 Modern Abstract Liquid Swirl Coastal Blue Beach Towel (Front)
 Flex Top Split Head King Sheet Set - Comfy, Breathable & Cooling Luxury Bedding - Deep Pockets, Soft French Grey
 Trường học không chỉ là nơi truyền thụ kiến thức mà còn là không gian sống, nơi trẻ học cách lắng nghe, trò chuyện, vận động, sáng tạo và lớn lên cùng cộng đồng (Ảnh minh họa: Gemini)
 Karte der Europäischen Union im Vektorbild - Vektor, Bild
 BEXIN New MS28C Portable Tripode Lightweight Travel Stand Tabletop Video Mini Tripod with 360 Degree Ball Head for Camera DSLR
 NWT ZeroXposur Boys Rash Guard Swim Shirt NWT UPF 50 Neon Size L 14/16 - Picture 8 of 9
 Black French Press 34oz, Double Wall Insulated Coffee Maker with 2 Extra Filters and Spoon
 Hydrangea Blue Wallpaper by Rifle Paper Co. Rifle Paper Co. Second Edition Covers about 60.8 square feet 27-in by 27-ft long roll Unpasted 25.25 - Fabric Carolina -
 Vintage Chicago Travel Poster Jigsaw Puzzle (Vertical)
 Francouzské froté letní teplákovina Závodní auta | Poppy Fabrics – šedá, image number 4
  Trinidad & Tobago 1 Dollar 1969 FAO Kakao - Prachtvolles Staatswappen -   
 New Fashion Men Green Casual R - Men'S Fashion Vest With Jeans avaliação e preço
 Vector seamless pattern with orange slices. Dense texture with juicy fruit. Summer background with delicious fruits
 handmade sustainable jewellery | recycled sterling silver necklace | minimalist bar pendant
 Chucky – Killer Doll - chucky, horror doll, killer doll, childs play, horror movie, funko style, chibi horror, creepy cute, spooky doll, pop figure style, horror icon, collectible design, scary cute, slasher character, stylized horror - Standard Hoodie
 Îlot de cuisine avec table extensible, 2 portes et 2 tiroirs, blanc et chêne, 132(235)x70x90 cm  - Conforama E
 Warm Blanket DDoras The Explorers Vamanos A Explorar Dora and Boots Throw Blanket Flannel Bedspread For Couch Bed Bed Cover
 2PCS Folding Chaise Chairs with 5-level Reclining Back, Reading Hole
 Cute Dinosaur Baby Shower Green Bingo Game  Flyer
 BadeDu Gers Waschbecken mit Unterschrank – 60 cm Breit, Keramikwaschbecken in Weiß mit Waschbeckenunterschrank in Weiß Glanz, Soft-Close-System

## The task
I would like you to restate word for word the lines from the one with "Cute Dinosaur Baby" through the last line of the material above, and only those.

## Response for this exercise
 Cute Dinosaur Baby Shower Green Bingo Game  Flyer
 BadeDu Gers Waschbecken mit Unterschrank – 60 cm Breit, Keramikwaschbecken in Weiß mit Waschbeckenunterschrank in Weiß Glanz, Soft-Close-System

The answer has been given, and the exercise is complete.